Однако эти черты зощенковского ‘сказа’ в Мудрости — только те, которые первыми бросаются в глаза. Стиль гротеска должен отражать внутреннее противоречие идеи гротеска. У Зощенко эта задача разрешена с гениальной находчивостью. Рассказ его похож на стихотворение в прозе — с разделением на приблизительно одинаковые по размеру, закругленные речевые единицы — строфы, имеющие общее синтаксическое строение и общий ритм. Постоянно повторяются одни и те же зачины — и вот, и вскоре, однажды, а однажды и т. п. — за этим обычно следует деепричастие: И живя на одной из улиц…, Однажды проснувшись поутру…, Тогда, обдумывая и поражаясь…, И говоря об этом… и т. п. Это библейский стиль, а также и толстовский. Совершенно по-толстовски звучит фраза: ‘…ему хотелось немедленно… позвать к себе всех… и сказать, что он по-прежнему всех любит и хочет жить, потому что он знает теперь, что такое жизнь и как нужно житьь. Ведь ‘Мудрость’ — мистерия, ‘мистерия-гротеск’, но все же мистерия. Опошление, тона — и смысла — мистерии достигается опять-таки чисто стилистическим путем: однообразным и притом совершенно безличным построением строф (стиль создается намеренной бесстильностью), с монотонным, усыпляющим сознание обилием деепричастных предложений. Например (смерть Ив. Ал.):
‘Тогда, взяв еще лист розовой бумаги, Ив. Ал. хотел то же самое проделать и с окороком ветчины… как вдруг… обронил ножницы на пол. Нагнувшись моментально над ними и коснувшись уже пальцами холодной стали, он почувствовал, как какая-то тяжелая волна крови прилила ему к лицу. Тряхнув слегка головой, он хотел выпрямиться, но захрипел и ничком свалился на пол, зацепив ногой за стул, далеко и гулко отодвинув его’.

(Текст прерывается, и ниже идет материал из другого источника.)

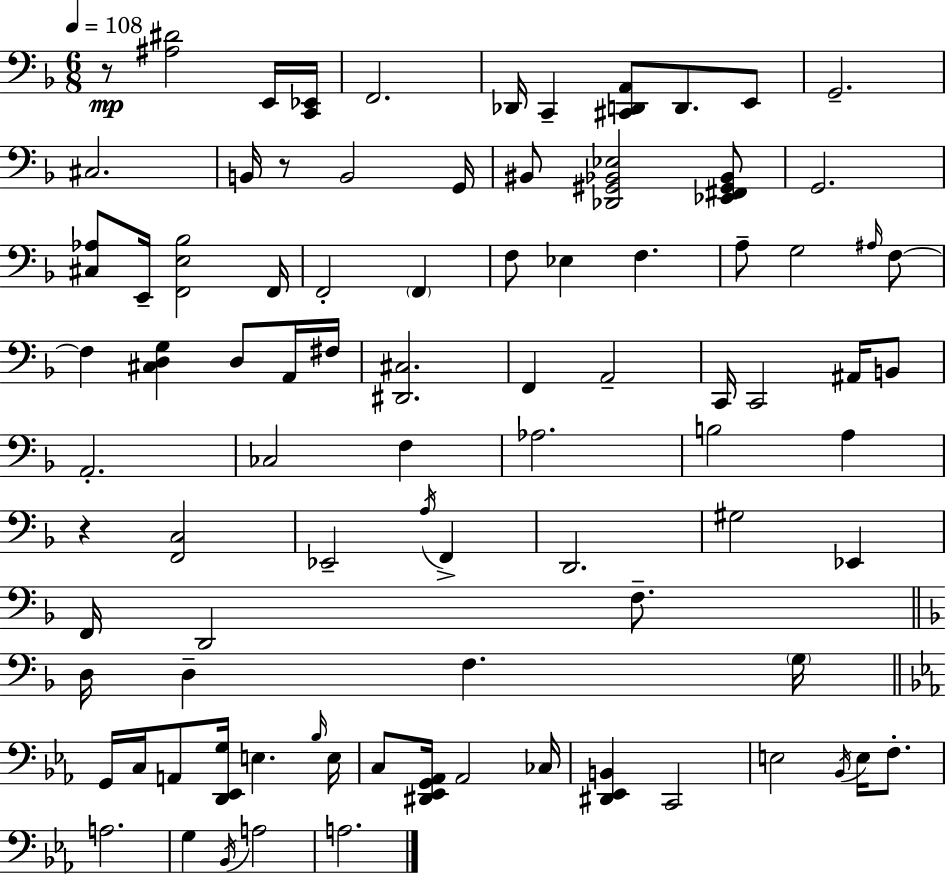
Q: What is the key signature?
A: D minor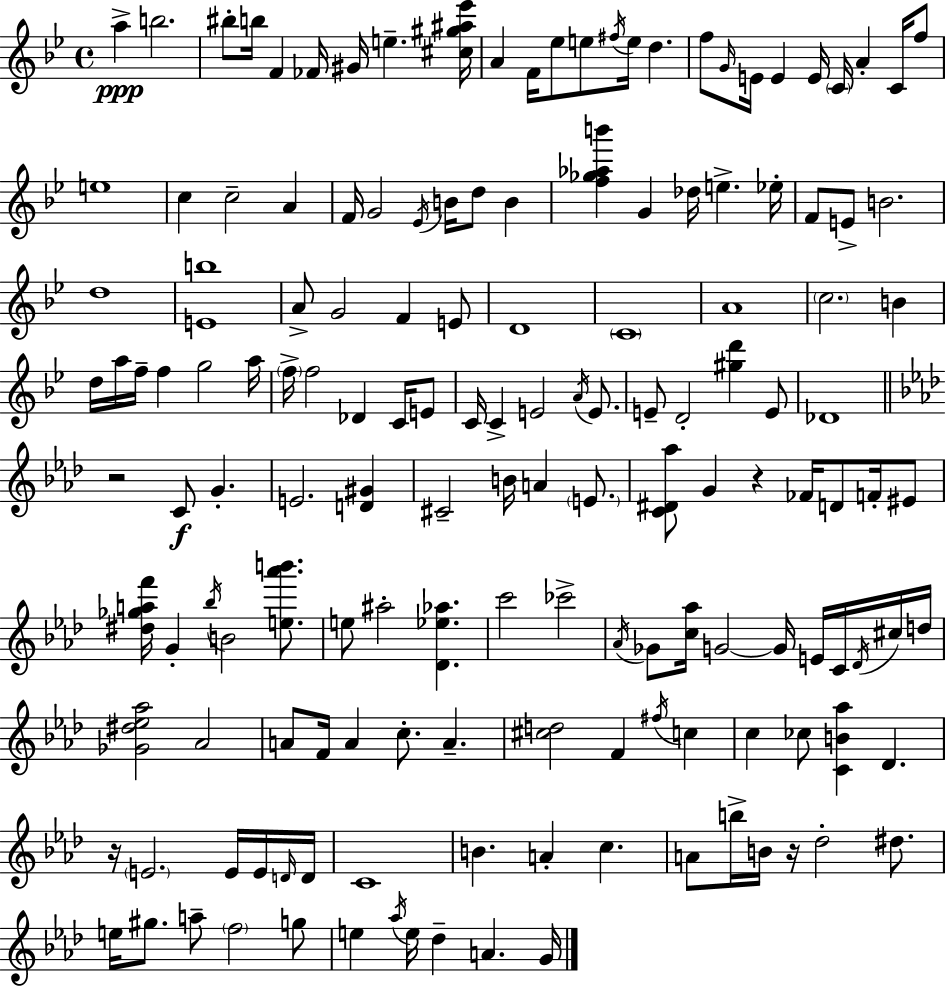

Синтаксические параллелизмы, повторения речевых схем выполняют в ‘Мудрости’ различные функции, выражая различные оттенки одной и той же идеи — бессмыслия, автоматизма жизни. В одной ‘строфе’ речь идет о старушке-родственнице, которая начинает что-то рассказывать Ив. Ал-чу и сбивается, ее слабая мысль вращается в кругу. И строфе придано — и словесно и синтаксически — циклическое строение:
‘Старушка, не желая нарушать его доброго настроения, принялась также рассказывать о любви из собственной жизни, но, вспомнив начало, она никак не могла восстановить конца и, спутавшись, обиженно замолчала, стараясь больше ничем не раздражать Ивана Алексеевича’ (NB: мысль самого рассказчика тоже движется здесь циклично!).
Аналогичный прием — в строфе, где идет речь о душевной катастрофе Ив. Ал-ча и где надо показать, как в сущности рассказчику она неинтересна и непонятна:
‘Все лучшие чувства, как например: 1) благородство, 2) гордость, 3) тщеславие — показались 1) смешной забавой и 2) бирюльками. А вся прелесть прежнего существования, — 1) любовь, 2) нежность, 3) вино, — стала 1) смешной и 2) даже оскорбительной’. И снова — какое-то сходство с кадансом толстовских ‘притч’.
Или еще — место, где говорится, как гости сходятся на пирушку, узнают от ‘старушки, дальней родственницы’, что Ив. Ал. умер, и уходят:
‘При этом, проходя мимо стола, дамы брали по одной груше или по яблоку, а мужчины кушали (NB: это лакейское кушали!) по куску семги или выпивали по рюмке малаги’.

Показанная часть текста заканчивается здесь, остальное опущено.